As I pointed out in recent review of a film documentary about the life of Jack Kerouac, "What Happened To Kerouac? (which I gave a five-star rating to, by the way) I was just a little too young to be directly influenced by the "beats", and just a little too driven by the quest for political solutions for what ailed me and what I thought ailed this society. Nevertheless, as I recounted in that review entitled, "On The Road" And On The Sidelines", after I came of political age I kind of crept back, like a million other members of the "Generation of `68" and re-evaluated that influence. In short then, starting with Kerouac's "On The Road", through William Burroughs "Naked Lunch" and on to Ginsberg's madman-like, but provocative, "Howl" and sensitive "Kaddish" I devoured every "beat" thing I could get my hands on.

And that last sentence is a good place to start in reviewing this one and one half hour production about the trials and tribulations, the fight for literary recognition and the journey of discovery of one hell of a beat poet, Allen Ginsberg. The film speeds through the now rather familiar saga (for that generation that was born between World War I and II and formed the core of what is deemed "the greatest generation") of a dysfunctional Jewish immigrant family, additionally burdened by a very overwrought and frequently institutionalized mother. The real story for our purposes, however, starts in 1940s New York where some very alienated youth like Ginsberg, Kerouac, Holmes, etc. and their mentors like Burroughs meet up and start a quest, literarily and physically, to `discover' America. And they do it on their terms, at least for a while.

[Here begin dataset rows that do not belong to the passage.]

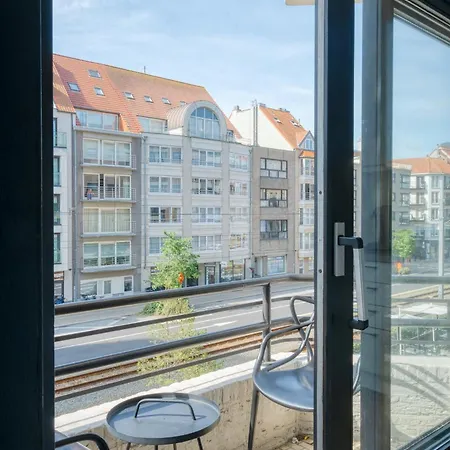 Bright & Stylish For 4 In Appartement Knokke-Heist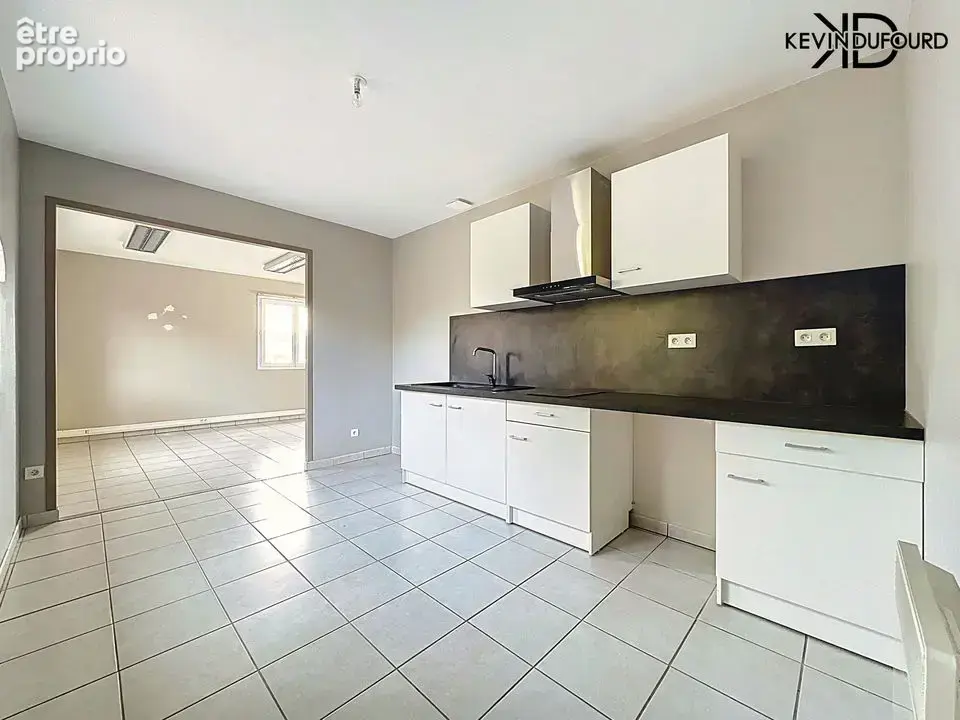 Ensemble immobilier de 550m² sur un terrain de 3650m² à - photo 16
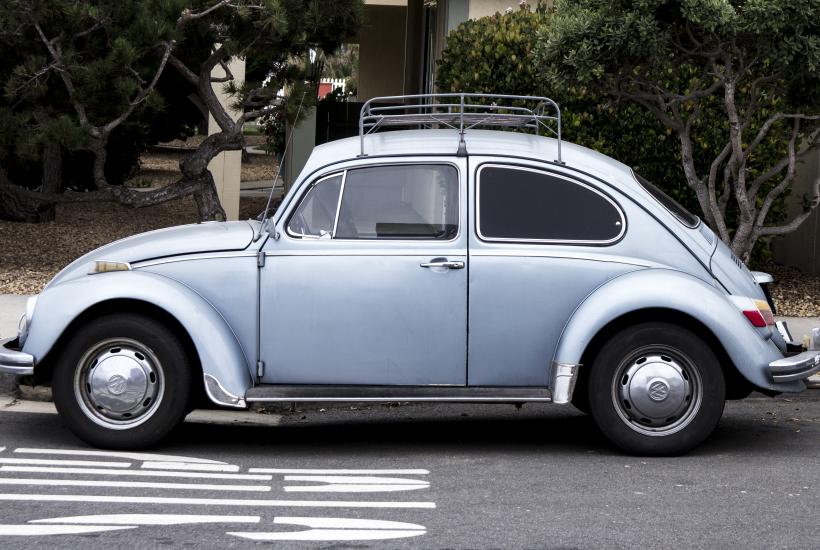Carlsbad Volkswagen Beetle (Unsplash)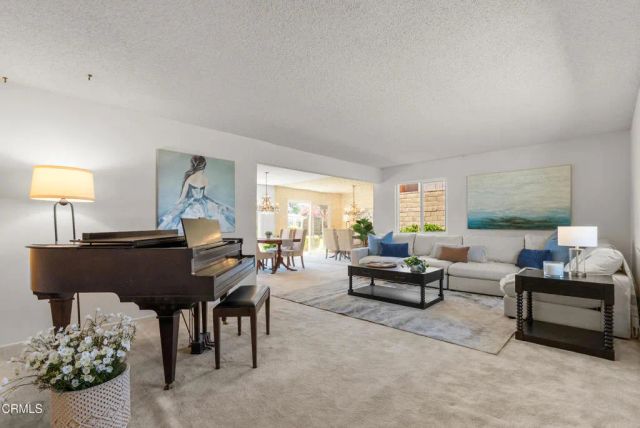 207 Gorrion Avenue, Ventura, CA 93004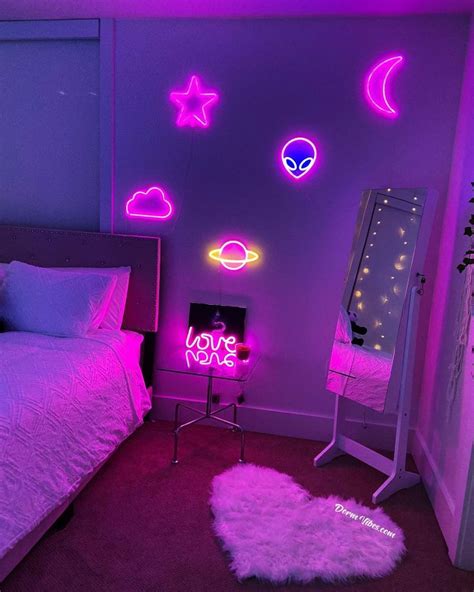 Pin by emma mgnt on Deco chambre enfant | Room makeover bedroom, Neon bedroom, Neon room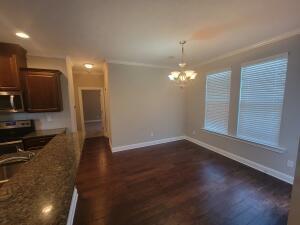 Building Photo - 1733 Ethan Way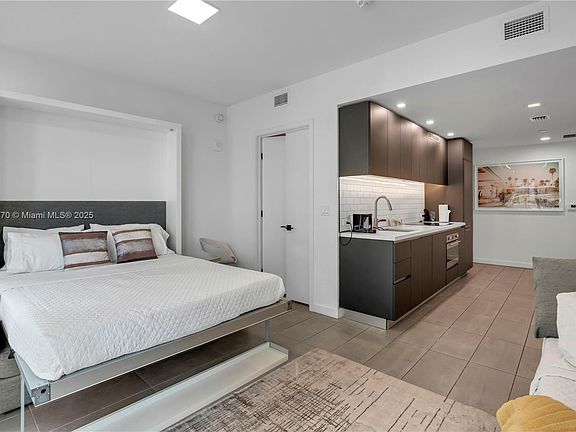 5th image of 227 NE 2nd St #2110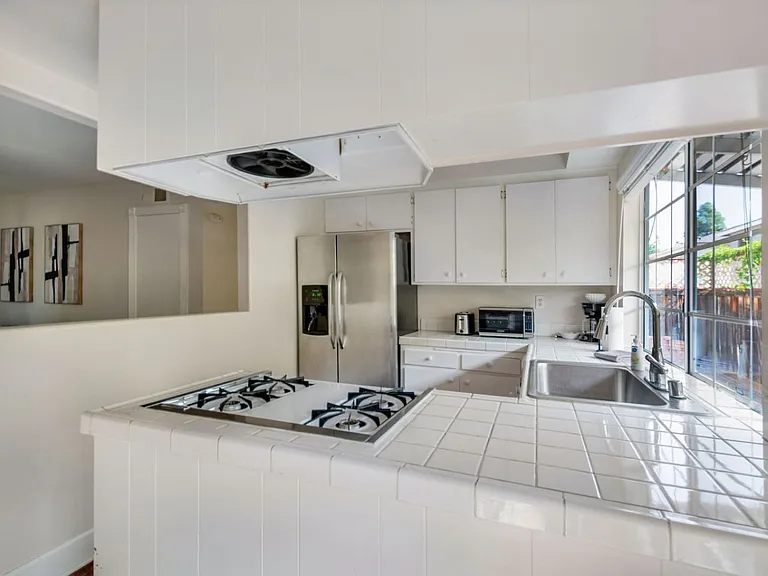 418 Nobel Ave #B — Photo 8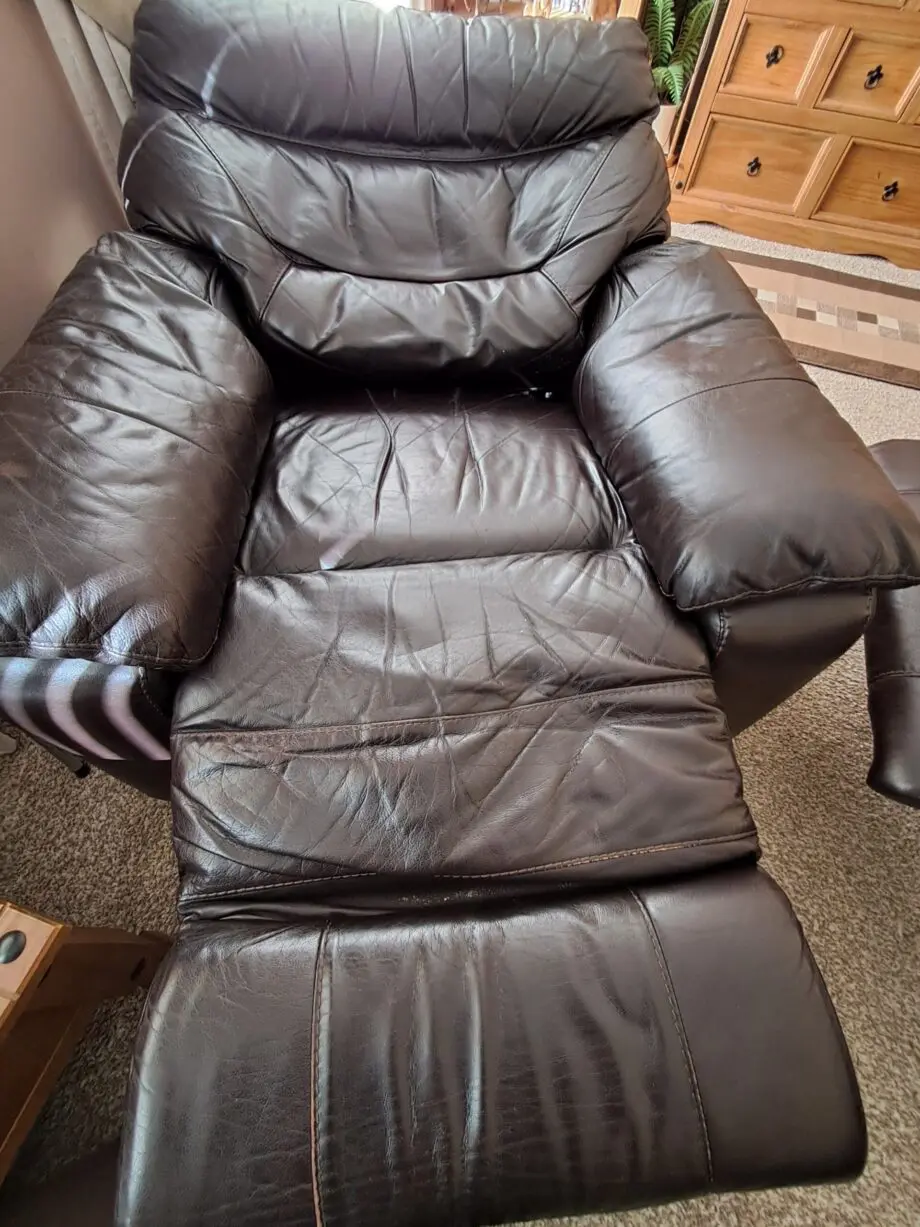 DFELECTRIC RECYCLING 3 PIECE SOFA AND MATCHING ELECTRIC RECYLINER CHAIR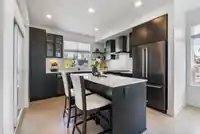 72 2774 MONTROSE AVENUE - thumbnail 7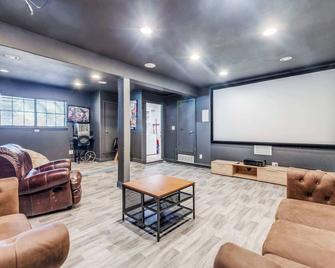Stunning 5BR 2BA Holiday Home with Private Pool and Cinema - Dallas - Living room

Along the way Ginsberg becomes very aware of his innate poetic skills, his previously submerged sexual orientation and his almost surreal sense of the absurdities of living in post-war America, at least on the "squares" terms. Things begin to happen though. His "Howl" is premiered in San Francisco in 1956 to critical acclaim, Kerouac's "On The Road" finally gets published to rave reviews and suddenly in Eisenhower's America it becomes almost a rite of passage for the young to show up at some poetry reading in some smoky café, or dress in the de rigueur black, or like black-driven jazz. And that is where my generation and I come in. That is where, if nothing else, we owe a debt to the beats- and to the king hell beat poet who, unlike Kerouac who couldn't, or wouldn't, make the transition, came over with us when we started pushing back.

And that is the positive side of the Ginsberg story, the ability to transition, as least partially, as the leftward cultural currents shifted. I would not, and I believe psychologically could not, go on that psychic consciousness-raising trip that led him to Buddhism for a while. Moreover, in viewing the film of his role in the 1968 Democratic Convention as a messenger of tranquility only brought the hard fact that that was not the way to fight the monster home. But, I was then as I am now very indulgent toward the poetic spirits, the protest song singers, and the other cultural figures who "rage against the monster", politically correct or not. What bothered me more than anything though was Ginsberg's fate in his later career when he was no longer front and center in the public eye. In one of the many Ginsberg interview segments that dot this documentary, which was produced in 1994 just a few years before he died he notes, I believe while he is reciting one of his poems that one of his life achievements that he was proud of was that his had become a distinguished professor (I assume, of literature) at Brooklyn College. That is an unpardonable sin Brother Ginsberg. Where did you go wrong?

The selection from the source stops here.